Interface for the dataSourceToIndex member of IndexJob, for indexing non-file data sources such as databases.
An IndexJob provides two ways specify the text to index: by files (the FoldersToIndex, Include Filters, and ExcludeFilters properties) and by data source (the DataSourceToIndex property). Most commonly, the text exists in disk files, in which case you would specify the files to be indexed using folder names and include and exclude filters.
In some situations, however, the text to be indexed may not be readily available as disk files. For example, the text may exist as rows in a remote SQL database or in Microsoft Exchange message stores.
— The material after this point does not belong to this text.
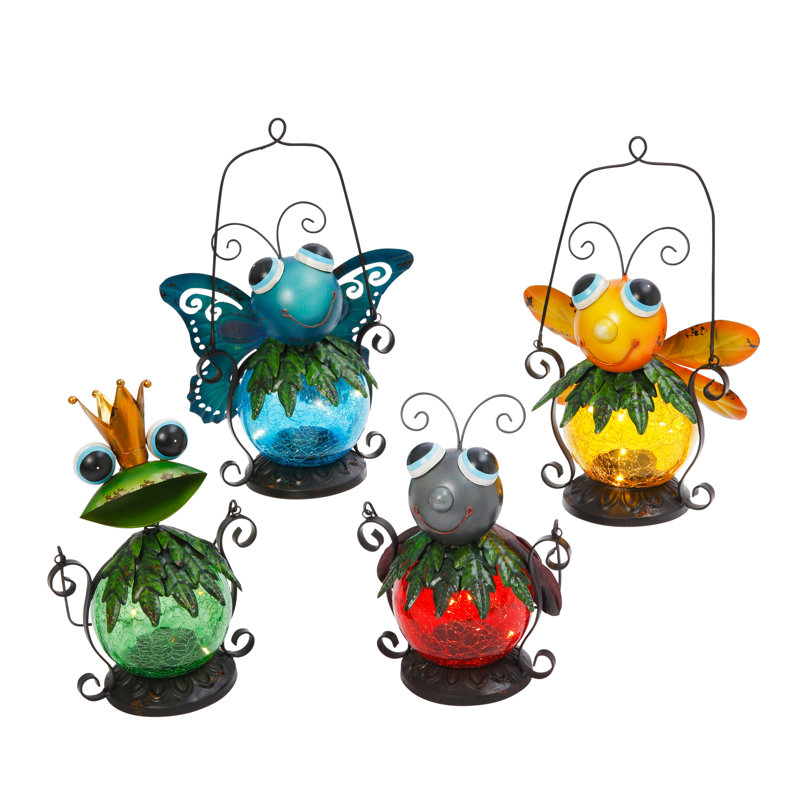 Ensemble de 4 lanternes de jardin solaires assorties 13 po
To supply this text to the dtSearch indexing engine, you can create an object that accesses the text and then attach the object to an IndexJob as the DataSourceToIndex property.
The dtSearch Engine will call the GetNextDoc method of your DataSource implementation to obtain documents to index. On each call, dtSearch will use the properties supplied (DocName, DocModifiedDate, DocFields, DocBytes, etc.) to set up a document object to index.
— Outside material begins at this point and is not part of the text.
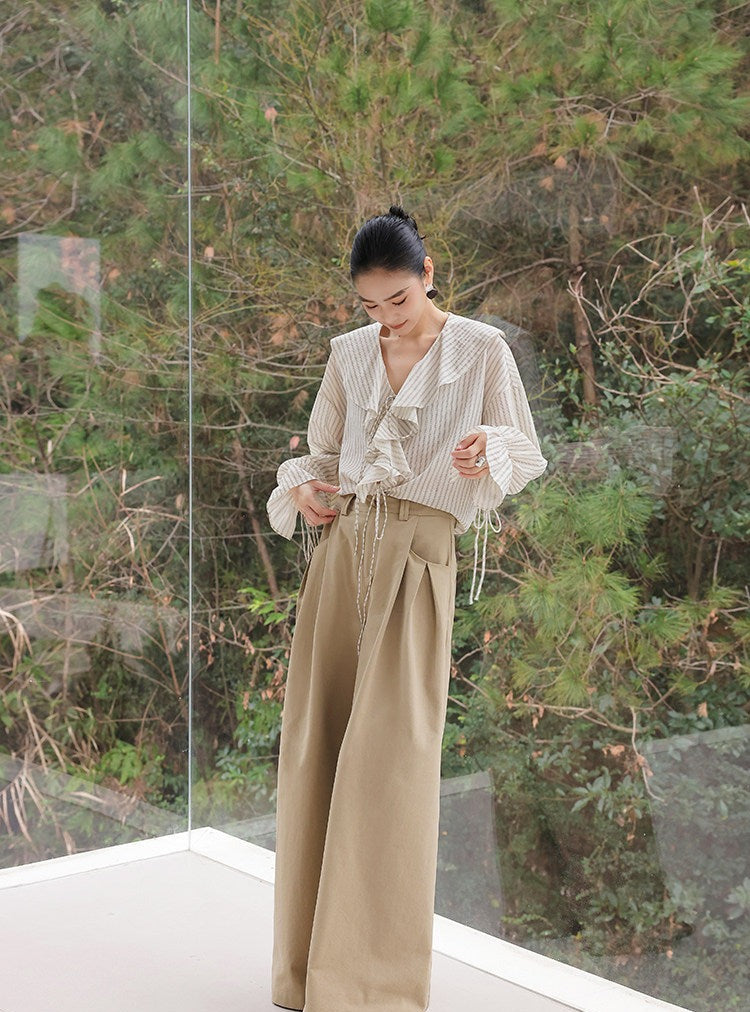 Viscose Wide-Leg Pants - High-Waisted Relaxed Fit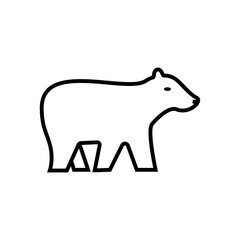 bear icon line style vector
On each call to GetNextDoc, the DocTypeId, DocId, and DocWordCount properties will be filled in with the results of the previous document indexed. This enables the calling application to know the file type and document id assigned to each document after it has been indexed. (The document id is a unique integer identifying each document in an index, and can be used in SearchFilter objects to limit searches to a subset of the documents in the index.)
If the IndexingFlags.dtsAlwaysAdd flag is not set in the IndexJob, the DocName and DocModifiedDate will be used to determine whether the document is already in the index with the same date, and, if so, the document will not be reindexed. In this case, the DocTypeId, DocId, and DocWordCount properties will be set to the values assigned when the document was originally indexed.
DocName should preferably include the extension of the original file, because the extension provides useful information about the original document format in some cases.
Note: The IncludeFilters and ExcludeFilters in IndexJob do not apply to content returned from a data source.
The DocFields property lets you add meta-data to the document text. Fields can be searchable or non-searchable, and can be designated as "stored" so they will be returned as document properties in search results (for example, to store a row id for easy access after a search). Field names can also include nesting, so instead of just "Author" or "Subject" you could use "Meta/Author" and "Meta/Subject".
For sample code demonstrating the DataSource API, see:
C:\Program Files\dtSearch Developer\examples\cs2\ado_demo (C# sample) and
C:\Program Files\dtSearch Developer\examples\vb.net2\ado_demo (VB.NET sample)
Indexing Databases in dtSearchApiRef.chm